[ASSIGNMENT]: Give the lines below again exactly, starting with the line that holds "总统牌维生素EC片(儿童型)招商代理 60片装" and going on through the line that holds "香溢烟酒店(畲乡缘水果店)".

(Stored data entries)
____

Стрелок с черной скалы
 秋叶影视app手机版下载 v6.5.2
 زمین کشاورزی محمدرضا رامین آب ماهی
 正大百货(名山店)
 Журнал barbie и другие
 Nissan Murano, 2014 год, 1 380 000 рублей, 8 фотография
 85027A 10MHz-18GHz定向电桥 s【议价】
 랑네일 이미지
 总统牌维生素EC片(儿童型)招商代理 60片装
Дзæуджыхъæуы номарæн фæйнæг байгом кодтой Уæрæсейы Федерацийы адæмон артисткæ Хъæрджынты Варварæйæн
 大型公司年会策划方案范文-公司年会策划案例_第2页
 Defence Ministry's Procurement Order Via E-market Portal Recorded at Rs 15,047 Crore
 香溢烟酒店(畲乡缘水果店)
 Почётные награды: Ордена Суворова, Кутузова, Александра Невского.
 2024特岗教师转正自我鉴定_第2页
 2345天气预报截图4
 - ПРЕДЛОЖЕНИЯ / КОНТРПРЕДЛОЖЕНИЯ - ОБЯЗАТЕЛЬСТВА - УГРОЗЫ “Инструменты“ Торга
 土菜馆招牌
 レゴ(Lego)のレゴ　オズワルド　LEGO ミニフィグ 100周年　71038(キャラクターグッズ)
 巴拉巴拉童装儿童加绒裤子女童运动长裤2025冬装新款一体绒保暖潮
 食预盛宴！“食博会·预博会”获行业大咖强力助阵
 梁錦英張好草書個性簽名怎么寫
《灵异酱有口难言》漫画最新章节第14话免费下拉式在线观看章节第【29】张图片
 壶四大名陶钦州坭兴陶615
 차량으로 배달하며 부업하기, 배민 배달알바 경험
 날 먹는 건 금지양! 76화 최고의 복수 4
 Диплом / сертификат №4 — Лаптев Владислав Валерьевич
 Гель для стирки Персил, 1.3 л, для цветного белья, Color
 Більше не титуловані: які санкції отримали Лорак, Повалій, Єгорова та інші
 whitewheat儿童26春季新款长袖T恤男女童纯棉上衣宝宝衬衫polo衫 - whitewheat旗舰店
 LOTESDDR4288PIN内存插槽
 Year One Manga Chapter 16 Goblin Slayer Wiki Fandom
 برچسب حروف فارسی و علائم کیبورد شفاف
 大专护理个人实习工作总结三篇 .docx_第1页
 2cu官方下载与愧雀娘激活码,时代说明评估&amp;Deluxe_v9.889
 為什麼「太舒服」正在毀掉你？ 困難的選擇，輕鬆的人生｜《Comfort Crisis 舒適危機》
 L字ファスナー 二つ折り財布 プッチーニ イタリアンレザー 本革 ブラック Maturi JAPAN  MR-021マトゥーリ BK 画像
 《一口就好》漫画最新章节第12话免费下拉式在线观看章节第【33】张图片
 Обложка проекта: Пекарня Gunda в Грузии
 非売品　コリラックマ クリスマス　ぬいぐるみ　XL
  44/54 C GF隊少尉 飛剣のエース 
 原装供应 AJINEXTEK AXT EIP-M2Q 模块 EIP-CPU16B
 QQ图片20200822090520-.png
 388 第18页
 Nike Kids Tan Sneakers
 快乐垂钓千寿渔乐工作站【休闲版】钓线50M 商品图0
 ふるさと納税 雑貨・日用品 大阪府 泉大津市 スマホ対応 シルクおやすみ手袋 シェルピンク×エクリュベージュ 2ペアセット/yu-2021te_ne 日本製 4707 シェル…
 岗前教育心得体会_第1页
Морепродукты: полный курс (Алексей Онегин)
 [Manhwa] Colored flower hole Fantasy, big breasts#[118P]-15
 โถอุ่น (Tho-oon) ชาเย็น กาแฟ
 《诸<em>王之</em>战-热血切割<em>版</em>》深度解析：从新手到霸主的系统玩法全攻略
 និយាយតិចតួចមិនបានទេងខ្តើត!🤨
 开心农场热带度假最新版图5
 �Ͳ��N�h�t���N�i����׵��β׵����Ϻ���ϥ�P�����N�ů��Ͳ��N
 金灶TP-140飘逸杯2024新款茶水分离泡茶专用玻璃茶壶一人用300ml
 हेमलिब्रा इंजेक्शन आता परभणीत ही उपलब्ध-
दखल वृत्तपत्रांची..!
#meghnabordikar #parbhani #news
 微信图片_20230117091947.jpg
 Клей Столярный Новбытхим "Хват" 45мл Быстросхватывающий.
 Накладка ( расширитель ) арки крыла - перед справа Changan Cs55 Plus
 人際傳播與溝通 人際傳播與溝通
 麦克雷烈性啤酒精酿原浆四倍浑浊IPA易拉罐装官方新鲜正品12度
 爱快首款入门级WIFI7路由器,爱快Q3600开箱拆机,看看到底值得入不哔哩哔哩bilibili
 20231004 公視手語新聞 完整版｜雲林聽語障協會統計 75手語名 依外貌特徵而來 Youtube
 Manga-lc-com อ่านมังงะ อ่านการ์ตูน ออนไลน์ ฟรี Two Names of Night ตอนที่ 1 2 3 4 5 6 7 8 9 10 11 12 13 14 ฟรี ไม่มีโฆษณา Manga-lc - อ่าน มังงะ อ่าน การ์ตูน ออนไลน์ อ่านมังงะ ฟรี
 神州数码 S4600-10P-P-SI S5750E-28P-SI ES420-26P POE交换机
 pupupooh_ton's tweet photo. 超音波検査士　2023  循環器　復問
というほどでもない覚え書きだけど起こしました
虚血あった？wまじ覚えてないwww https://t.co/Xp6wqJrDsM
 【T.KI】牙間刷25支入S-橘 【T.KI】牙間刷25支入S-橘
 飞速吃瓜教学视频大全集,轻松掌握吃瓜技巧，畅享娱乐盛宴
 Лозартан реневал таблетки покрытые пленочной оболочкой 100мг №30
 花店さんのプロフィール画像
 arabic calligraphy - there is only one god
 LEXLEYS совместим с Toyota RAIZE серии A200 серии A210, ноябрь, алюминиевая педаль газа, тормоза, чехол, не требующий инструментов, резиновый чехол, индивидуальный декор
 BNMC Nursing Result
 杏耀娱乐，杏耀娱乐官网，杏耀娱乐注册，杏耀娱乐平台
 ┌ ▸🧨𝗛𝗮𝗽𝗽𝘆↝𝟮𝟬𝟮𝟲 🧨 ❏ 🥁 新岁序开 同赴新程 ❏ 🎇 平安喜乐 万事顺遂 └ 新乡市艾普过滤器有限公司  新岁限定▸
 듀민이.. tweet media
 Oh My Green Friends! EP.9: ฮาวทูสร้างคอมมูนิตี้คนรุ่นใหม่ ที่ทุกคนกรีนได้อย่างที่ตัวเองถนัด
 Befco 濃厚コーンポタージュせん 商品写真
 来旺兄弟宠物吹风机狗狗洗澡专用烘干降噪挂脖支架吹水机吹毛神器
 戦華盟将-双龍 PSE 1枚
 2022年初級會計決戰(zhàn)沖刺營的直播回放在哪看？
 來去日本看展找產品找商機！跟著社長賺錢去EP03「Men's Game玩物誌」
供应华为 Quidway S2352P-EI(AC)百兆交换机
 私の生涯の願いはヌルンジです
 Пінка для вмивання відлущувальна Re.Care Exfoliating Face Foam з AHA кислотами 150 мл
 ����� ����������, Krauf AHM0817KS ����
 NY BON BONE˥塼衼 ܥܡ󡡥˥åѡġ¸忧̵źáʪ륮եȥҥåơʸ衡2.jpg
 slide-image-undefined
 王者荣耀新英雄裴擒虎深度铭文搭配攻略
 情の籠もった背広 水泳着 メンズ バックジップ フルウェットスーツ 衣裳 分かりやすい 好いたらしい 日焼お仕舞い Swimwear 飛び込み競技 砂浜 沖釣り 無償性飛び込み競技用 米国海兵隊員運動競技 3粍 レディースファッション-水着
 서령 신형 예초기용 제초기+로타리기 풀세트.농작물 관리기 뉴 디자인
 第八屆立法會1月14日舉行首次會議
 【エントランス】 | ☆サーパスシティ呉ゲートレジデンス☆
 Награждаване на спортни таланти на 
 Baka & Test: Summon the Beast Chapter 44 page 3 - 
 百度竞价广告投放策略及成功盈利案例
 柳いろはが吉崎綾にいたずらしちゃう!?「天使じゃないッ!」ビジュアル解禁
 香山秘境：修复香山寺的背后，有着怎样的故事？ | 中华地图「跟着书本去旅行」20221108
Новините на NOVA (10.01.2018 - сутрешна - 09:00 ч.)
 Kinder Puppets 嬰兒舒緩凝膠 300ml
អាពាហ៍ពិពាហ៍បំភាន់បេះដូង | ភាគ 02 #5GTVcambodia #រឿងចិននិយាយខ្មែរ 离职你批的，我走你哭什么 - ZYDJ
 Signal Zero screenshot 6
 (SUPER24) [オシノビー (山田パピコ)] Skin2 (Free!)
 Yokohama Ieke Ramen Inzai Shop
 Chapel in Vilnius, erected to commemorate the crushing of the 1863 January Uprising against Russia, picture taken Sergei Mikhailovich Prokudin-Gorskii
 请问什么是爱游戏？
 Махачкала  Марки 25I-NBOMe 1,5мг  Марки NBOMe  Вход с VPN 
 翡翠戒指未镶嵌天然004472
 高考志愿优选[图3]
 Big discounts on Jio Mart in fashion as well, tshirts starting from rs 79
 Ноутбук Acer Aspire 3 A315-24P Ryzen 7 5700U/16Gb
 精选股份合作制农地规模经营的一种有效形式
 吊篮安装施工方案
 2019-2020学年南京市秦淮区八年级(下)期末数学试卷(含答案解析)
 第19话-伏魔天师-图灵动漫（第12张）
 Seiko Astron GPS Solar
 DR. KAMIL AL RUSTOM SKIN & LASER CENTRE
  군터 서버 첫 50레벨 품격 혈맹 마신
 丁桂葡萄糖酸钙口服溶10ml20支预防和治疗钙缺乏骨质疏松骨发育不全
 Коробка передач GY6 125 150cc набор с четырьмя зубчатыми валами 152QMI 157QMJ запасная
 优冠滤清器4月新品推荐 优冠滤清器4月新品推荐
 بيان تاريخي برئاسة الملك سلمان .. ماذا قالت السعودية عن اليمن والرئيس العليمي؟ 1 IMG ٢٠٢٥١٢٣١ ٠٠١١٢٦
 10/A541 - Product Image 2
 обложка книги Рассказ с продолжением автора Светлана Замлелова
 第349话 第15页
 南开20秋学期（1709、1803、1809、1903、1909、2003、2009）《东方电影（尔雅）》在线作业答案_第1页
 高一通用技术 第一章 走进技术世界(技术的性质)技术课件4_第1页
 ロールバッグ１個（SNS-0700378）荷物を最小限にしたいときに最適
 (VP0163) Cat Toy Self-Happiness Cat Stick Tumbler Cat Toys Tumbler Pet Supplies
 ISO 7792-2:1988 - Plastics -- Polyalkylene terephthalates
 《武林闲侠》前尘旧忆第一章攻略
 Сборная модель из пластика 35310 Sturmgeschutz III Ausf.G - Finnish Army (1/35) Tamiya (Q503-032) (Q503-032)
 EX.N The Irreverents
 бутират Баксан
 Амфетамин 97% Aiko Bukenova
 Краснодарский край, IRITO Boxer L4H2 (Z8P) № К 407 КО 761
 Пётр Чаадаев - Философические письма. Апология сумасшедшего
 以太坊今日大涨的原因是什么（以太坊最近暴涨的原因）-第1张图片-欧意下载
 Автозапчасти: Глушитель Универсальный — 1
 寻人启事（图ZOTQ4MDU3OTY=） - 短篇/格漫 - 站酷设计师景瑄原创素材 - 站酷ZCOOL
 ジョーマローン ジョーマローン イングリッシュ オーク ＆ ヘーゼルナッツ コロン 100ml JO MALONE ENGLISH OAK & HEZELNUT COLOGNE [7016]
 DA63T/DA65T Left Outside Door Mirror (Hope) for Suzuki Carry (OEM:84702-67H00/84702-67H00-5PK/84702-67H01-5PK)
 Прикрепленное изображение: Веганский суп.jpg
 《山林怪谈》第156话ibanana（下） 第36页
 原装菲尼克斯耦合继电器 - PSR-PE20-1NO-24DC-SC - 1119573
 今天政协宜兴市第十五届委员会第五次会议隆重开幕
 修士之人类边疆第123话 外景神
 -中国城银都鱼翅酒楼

____

[ANSWER TO THE EXERCISE]:
 总统牌维生素EC片(儿童型)招商代理 60片装
Дзæуджыхъæуы номарæн фæйнæг байгом кодтой Уæрæсейы Федерацийы адæмон артисткæ Хъæрджынты Варварæйæн
 大型公司年会策划方案范文-公司年会策划案例_第2页
 Defence Ministry's Procurement Order Via E-market Portal Recorded at Rs 15,047 Crore
 香溢烟酒店(畲乡缘水果店)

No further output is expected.